- Set up two EC2 Ubuntu (16.04 or 18.04) instances with all default settings (note: 1CPU 1GB t2.micro is a free trial).
- Generate new or use already existing public key
- After succesfull initialazing one need to configure Security Groups (go to NETWORK&SECURITY) and add new or edit already existing rule.
- SSH, port: 22, source: anywhere
- HTTPS, port: default, source: anywhere
- TCP, port: 8888, source: anywhere
After succesfull initialazing EC2 instances one need to connect to them through SSH. Personally I do it everytime using Putty:
- Host name: ubuntu@public-DNS-of-you-ec2-machine
- Remember of generating a private key (you can use PuttyGen to generate a private key from a public one) and loading it in section (Connection -> SSH -> Auth -> Private key file ...)

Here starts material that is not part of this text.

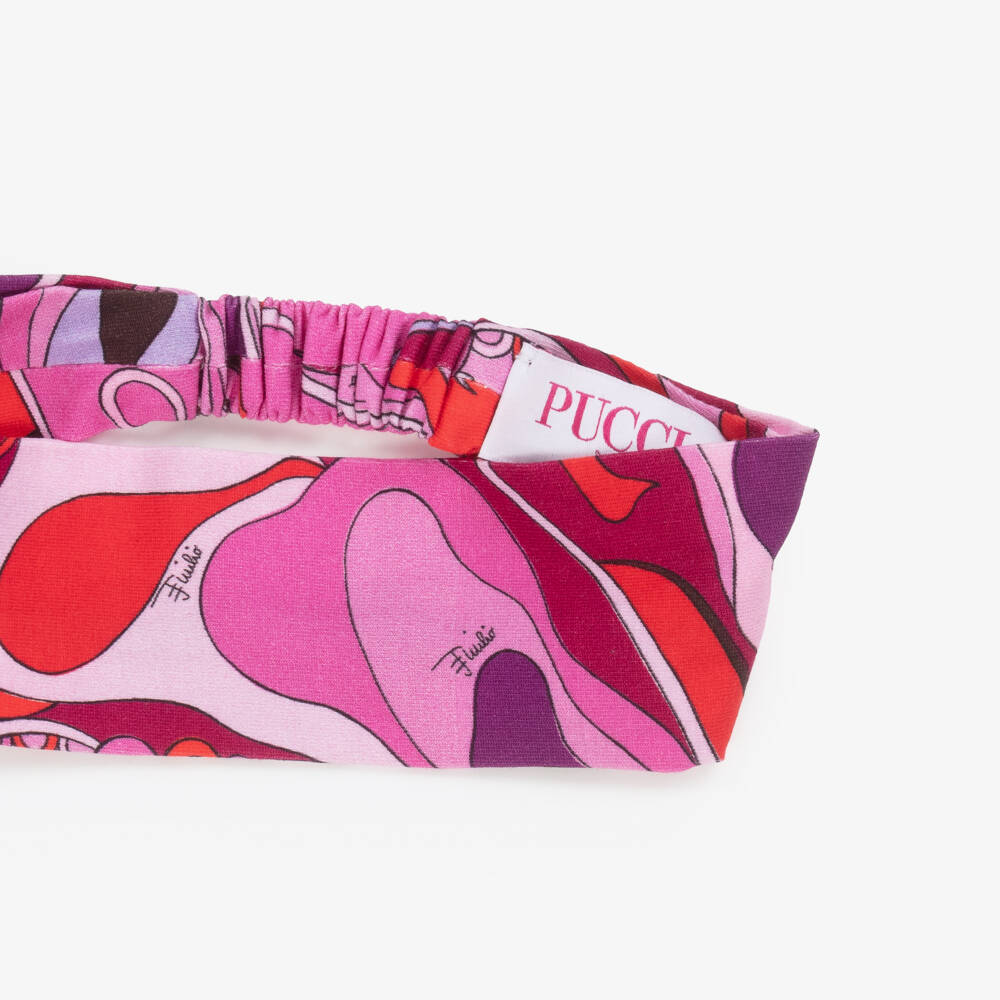 PUCCI-Girls Pink & Purple Orchidee Print Cotton Headband | Childrensalon Outlet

- Set tunneling (Connection -> SSH -> Tunnels):
- source: 8000, destination: localhost:8888
- source: 8001, destination: localhost:8080
When in ubuntu terminal type following command:
$ wget http://ftp.man.poznan.pl/apache/spark/spark-2.4.4/spark-2.4.4-bin-hadoop2.7.tgz
then unpack the file using tar xvzf file-name command. Then install Java and Scala:
$ sudo apt-get -y install openjdk-8-jdk-headless
$ sudo apt-get install scala
Now let's move to Apache Spark configurations and copy the spark-env.sh file from the template using below commands:
$ cd spark-2.4.4-bin-hadoop2.7/conf/
cp spark-env.sh.template spark-env.sh
Then use vim editor in order to paste below code at the beggining of the spark-env.sh file:
export JAVA_HOME=/usr export SPARK_PUBLIC_DNS=”current_node_public_dns”
When in current path, create a new 'slaves' file:
$ touch slaves
then use vim editor to paste public DNS of slave mode into the file.

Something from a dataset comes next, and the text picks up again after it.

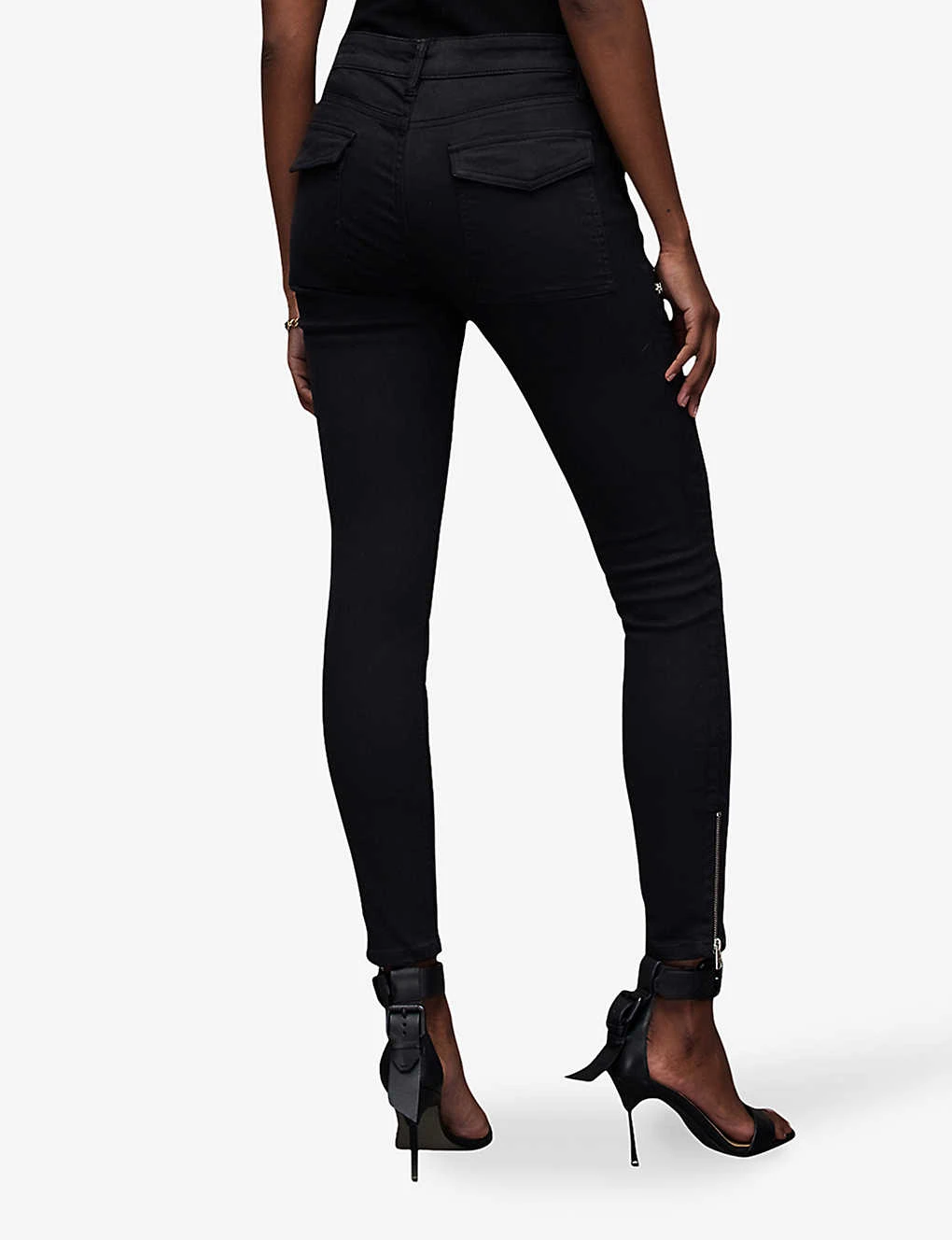 AllSaints Duran Zip-embellished Skinny-leg Mid-rise Denim Jeans - Image 4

Download latest version of Anaconda and use bash command to run installation script.
$ wget http://repo.continuum.io/archive/Anaconda3-4.1.1-Linux-x86_64.sh
$ bash Anaconda3–4.1.1-Linux-x86_64.sh
Jupyter certifiation configuration using below commands and answering several questions:
$ jupyter notebook --generate-config
$ mkdir certs
$ cd certs
$ sudo openssl req -x509 -nodes -days 365 -newkey rsa:1024 -keyout mycert.pem -out mycert.pem
Last step is to configure the jupyter notebook, go to the jupyter_notebook_config.py and use vim editor.
$ cd ~/.jupyter/
$ vim jupyter_notebook_config.py
At ther very beggining of the file paste the following script:
c = get_config()
c.NotebookApp.certfile = u'/home/ubuntu/certs/mycert.pem'
c.NotebookApp.ip = '*'
c.NotebookApp.open_browser = False
c.NotebookApp.port = 8888
Run jupyter notebook simply by using command:
$ jupyter notebook
Jupyter panel is now available by entering following address in the browser:
https://public-dns-of-your-ec2-machine:8888/
Start master and slave nodes by running following commands. Starting slave node needs pasting spark master url at the end of the line.
$ bash/spark-2.4.4-bin-hadoop2.7/sbin/start-master.sh
$ bash/spark-2.4.4-bin-hadoop2.7/sbin/start-slave.sh spark://ip.[...].ec2.internal:7077
The spark master panel is available using localhost:8001 in the browser.
In order to stop nodes execute recent commans with changing 'start' to 'stop' in the command line.